Over the past year, many REITs strengthened their balance sheets as they recapitalized, raising fresh equity through secondary equity offerings and paying down debt, says Kuykendall. The steps made them more attractive to investors.
“There were about $22 billion in secondary equity offerings in the REIT marketplace last year,” says Kuykendall. “That represented more shares coming onto the market.” The offerings followed a trend developing over the past year of share growth rather than a reduction in the number of shares outstanding.

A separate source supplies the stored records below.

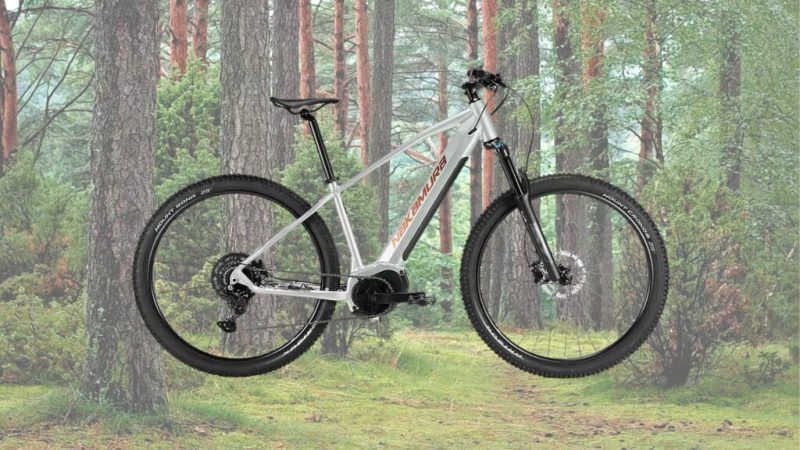 Il y a 600 € de moins sur ce vélo électrique polyvalent Nakamura d’Intersport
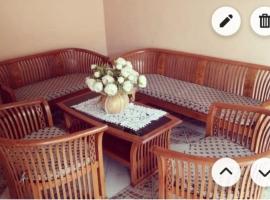 Résidence Lina, holiday rental in Libreville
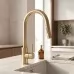 Смеситель для кухни Rea Fresh Touch Matt Gold REA-B9842 матовое золото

Regional malls recorded an 11.9% return on the FTSE NAREIT Equity REIT Index in February, while shopping centers registered 8.9%. During the month, apartments also showed strong gains of 8.4%, a dramatic improvement from a year earlier. In February 2009, shopping center index returns declined 25.8% while regional mall returns dropped 21.1%. In the same period, apartment returns declined 24.7%.
This year, REITs are generating more optimism. “Investors have been looking forward to the returns that REITs are going to be able to generate by acquiring high-quality property at good prices,” says NAREIT economist Brad Case. “What we’ve seen in the last month is that those opportunities have arrived.”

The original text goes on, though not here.